This chicken is everything you want fried chicken to be- crispy crunchy coating, tender juicy meat- and nothing you don’t- deep fried and full of fat. It’s perfect for a weekend picnic, backyard bbq, or any on’ family dinner.
8 chicken pieces (thighs and drumsticks), skinless and bone-in
2 cups buttermilk
1 cup ranch dressing
2 cups flour
3 eggs, beaten
1 box corn flakes
Combine buttermilk and ranch. Place chicken in a bowl and pour buttermilk dressing over. Mix well to make sure all the chicken is coated. Marinate for at least 30 minutes, or overnight.
Place corn flakes in food processor and process until crushed. Transfer to a shallow dish. Place the beaten egg in another shallow dish, and the flour in a third. Season the chicken with salt and pepper. Dredge chicken in flour, then egg, then crushed corn flakes, making sure to coat well in each station. Transfer coated chicken to a dish or pan and refrigerate for 30 minutes to set.

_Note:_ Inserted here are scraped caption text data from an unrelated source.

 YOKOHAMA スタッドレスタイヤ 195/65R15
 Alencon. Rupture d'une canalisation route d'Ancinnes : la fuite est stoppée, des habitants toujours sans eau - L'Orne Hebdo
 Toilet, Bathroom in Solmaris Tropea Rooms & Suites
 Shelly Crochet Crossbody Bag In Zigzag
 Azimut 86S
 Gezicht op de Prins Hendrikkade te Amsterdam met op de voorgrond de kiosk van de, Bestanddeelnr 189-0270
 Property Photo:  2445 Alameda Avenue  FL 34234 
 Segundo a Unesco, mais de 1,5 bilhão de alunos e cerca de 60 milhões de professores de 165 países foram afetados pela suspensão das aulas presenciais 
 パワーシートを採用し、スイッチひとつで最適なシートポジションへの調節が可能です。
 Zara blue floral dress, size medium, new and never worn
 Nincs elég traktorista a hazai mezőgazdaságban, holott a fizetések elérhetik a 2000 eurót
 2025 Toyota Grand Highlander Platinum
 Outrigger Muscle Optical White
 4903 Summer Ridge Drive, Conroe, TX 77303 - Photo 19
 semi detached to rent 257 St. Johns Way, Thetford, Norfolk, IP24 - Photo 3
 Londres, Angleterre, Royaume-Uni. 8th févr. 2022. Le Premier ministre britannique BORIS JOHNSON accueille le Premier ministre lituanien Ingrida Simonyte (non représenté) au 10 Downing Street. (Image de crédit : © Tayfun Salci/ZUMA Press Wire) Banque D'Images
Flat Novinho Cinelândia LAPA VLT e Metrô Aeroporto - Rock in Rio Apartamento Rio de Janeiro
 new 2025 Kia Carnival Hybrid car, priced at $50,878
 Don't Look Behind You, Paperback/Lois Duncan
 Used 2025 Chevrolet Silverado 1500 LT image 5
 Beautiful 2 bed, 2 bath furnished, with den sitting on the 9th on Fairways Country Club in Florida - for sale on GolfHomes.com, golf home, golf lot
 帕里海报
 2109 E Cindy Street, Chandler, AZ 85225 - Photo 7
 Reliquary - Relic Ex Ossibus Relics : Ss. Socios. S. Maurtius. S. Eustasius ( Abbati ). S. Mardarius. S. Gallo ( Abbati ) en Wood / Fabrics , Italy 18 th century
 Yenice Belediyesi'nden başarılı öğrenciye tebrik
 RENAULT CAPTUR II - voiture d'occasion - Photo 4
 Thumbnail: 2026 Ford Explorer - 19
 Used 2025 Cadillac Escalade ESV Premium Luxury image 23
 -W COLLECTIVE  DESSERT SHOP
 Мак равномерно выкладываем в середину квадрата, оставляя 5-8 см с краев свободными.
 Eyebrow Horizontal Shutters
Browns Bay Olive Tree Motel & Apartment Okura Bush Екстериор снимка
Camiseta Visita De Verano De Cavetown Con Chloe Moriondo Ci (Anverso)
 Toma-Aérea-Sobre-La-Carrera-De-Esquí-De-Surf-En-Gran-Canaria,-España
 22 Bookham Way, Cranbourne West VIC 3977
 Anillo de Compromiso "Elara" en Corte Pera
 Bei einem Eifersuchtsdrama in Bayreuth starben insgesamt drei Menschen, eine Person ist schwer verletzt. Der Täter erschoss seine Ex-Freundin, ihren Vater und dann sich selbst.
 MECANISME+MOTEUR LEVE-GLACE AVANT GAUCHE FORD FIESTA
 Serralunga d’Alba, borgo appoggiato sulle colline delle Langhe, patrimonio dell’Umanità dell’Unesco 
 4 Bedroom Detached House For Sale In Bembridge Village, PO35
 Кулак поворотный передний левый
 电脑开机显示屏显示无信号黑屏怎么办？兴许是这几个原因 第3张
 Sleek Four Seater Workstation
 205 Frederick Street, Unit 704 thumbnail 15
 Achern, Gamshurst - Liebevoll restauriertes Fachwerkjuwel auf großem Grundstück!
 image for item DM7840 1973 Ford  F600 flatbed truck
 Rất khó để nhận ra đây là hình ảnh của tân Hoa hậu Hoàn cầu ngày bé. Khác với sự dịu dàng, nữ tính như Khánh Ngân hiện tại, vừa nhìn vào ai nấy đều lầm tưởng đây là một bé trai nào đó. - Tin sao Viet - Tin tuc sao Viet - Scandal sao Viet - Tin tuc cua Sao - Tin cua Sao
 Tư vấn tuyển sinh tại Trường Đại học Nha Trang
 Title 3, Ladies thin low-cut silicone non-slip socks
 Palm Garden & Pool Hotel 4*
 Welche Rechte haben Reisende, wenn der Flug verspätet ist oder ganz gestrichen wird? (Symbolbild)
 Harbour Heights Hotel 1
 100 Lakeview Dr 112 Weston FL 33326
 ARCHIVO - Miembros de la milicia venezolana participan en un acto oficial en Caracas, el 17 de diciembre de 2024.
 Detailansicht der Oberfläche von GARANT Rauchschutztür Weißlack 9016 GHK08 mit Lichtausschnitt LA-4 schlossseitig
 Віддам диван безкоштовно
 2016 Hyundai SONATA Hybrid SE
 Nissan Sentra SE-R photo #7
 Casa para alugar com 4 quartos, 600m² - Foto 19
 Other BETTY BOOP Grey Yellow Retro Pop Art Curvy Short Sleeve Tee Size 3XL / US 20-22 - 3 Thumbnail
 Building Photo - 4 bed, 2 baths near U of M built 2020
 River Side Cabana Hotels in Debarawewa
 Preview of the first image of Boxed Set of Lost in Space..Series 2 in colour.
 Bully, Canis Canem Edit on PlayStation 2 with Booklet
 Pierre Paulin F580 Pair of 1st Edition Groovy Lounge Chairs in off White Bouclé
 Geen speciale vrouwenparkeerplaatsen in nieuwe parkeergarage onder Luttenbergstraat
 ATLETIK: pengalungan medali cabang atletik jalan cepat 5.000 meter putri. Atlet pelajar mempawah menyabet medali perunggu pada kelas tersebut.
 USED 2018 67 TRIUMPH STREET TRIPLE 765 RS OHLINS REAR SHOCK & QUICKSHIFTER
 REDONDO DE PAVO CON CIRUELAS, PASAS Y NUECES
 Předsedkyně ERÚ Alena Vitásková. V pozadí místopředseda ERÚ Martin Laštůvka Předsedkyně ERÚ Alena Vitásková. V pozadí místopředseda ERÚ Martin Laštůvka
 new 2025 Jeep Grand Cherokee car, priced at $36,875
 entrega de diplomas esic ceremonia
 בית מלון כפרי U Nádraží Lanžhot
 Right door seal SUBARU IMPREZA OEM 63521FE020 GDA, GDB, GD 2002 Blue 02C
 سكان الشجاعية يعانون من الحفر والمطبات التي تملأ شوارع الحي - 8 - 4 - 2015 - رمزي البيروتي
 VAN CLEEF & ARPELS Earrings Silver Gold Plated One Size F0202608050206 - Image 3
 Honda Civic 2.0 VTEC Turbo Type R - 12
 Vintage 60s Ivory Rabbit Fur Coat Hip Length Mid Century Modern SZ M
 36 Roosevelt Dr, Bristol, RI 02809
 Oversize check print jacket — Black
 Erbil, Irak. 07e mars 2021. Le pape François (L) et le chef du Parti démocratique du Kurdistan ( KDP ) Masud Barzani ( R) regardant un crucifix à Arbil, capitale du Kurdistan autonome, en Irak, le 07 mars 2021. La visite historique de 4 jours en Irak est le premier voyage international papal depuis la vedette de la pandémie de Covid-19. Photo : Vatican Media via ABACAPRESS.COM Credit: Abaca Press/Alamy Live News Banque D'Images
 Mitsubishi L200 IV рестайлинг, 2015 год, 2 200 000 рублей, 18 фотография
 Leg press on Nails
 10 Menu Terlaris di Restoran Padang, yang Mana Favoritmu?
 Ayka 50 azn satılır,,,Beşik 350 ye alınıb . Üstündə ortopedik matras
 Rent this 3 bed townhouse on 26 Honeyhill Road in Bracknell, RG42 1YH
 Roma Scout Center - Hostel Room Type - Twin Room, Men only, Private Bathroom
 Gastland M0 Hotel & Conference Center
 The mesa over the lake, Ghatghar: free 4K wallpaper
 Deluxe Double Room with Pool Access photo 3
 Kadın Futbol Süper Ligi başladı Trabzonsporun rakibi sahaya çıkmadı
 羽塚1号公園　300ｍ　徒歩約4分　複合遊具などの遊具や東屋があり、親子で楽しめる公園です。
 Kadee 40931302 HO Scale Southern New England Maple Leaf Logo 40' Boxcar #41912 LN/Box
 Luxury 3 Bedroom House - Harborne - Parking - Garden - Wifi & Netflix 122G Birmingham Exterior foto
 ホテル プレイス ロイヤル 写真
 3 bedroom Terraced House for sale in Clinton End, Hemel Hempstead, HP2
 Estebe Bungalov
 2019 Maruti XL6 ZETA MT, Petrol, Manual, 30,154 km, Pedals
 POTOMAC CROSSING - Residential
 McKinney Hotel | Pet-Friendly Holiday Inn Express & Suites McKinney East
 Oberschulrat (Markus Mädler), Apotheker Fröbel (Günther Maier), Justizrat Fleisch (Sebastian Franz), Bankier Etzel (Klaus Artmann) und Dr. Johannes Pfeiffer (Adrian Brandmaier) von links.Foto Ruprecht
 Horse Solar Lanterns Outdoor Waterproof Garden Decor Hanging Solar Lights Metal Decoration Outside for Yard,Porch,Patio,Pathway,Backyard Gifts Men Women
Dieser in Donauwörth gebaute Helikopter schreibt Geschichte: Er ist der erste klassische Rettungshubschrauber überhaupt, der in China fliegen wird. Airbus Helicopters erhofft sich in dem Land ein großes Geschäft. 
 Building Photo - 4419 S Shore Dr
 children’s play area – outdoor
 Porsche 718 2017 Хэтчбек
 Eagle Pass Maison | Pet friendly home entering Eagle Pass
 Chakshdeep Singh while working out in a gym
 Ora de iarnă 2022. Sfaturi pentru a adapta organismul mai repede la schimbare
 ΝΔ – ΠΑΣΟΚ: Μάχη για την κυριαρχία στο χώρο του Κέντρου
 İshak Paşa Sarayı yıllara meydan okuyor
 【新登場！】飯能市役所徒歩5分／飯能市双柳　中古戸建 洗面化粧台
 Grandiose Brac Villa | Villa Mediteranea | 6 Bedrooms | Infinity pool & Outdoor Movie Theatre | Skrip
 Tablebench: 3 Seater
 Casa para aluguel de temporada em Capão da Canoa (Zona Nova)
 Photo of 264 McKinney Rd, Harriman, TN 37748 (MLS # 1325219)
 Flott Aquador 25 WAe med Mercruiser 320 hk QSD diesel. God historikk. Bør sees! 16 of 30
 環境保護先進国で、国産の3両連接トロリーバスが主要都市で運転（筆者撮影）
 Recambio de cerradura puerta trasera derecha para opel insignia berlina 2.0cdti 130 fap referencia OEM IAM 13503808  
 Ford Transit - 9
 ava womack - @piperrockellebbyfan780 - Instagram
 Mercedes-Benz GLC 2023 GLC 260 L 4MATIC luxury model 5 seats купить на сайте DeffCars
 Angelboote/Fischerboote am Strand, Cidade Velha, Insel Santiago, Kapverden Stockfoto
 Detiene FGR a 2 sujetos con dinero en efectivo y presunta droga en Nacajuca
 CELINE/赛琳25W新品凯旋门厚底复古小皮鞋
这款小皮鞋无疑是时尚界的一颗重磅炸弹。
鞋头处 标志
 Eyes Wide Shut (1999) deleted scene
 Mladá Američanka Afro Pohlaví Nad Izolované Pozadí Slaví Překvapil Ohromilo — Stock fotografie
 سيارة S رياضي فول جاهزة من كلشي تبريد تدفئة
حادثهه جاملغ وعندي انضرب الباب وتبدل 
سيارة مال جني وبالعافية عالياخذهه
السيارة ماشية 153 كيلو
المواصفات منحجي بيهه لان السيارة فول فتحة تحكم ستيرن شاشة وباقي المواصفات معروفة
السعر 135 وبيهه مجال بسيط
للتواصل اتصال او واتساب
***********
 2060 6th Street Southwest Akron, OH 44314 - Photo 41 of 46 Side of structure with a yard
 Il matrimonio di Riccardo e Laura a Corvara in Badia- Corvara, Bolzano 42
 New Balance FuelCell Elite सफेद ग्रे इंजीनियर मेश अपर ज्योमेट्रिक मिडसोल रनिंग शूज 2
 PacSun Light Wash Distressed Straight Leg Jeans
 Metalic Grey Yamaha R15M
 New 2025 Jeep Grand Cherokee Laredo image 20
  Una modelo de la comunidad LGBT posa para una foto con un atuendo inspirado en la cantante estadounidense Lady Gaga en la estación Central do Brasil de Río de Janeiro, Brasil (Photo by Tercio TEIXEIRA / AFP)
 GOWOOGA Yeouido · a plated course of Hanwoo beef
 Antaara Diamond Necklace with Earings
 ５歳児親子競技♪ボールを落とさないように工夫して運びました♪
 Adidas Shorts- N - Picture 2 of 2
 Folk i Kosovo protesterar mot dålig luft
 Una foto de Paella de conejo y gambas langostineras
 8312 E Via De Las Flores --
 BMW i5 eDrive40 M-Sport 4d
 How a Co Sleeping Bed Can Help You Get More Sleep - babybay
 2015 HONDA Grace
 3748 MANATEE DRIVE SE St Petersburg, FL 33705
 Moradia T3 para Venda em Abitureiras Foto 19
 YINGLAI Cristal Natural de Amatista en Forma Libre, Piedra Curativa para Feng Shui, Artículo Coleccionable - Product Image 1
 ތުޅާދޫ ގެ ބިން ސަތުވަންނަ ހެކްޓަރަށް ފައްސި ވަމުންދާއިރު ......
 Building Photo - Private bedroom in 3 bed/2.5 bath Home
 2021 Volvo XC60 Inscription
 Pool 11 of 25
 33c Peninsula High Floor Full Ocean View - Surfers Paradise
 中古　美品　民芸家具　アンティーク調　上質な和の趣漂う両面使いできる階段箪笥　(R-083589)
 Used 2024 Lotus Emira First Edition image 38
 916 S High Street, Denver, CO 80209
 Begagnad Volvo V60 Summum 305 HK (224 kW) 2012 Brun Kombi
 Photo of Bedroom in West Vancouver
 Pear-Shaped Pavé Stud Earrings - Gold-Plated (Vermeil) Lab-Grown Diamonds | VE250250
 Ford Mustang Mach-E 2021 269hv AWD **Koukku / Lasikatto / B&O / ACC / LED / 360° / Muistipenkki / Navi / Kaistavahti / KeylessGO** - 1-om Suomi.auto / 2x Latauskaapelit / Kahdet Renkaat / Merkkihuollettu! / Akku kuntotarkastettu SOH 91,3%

Preheat oven to 400˚. Place a wire rack on a sheet pan and coat with non-stick cooking spray. Place the chicken on the wire rack. This will ensure that hot air is circulating all around the chicken, browning and crisping it evenly. Bake chicken for about 30 minutes, until it’s golden brown and has an internal temperature of 165˚.
Remove chicken from oven. Let rest for 5-10 minutes before serving.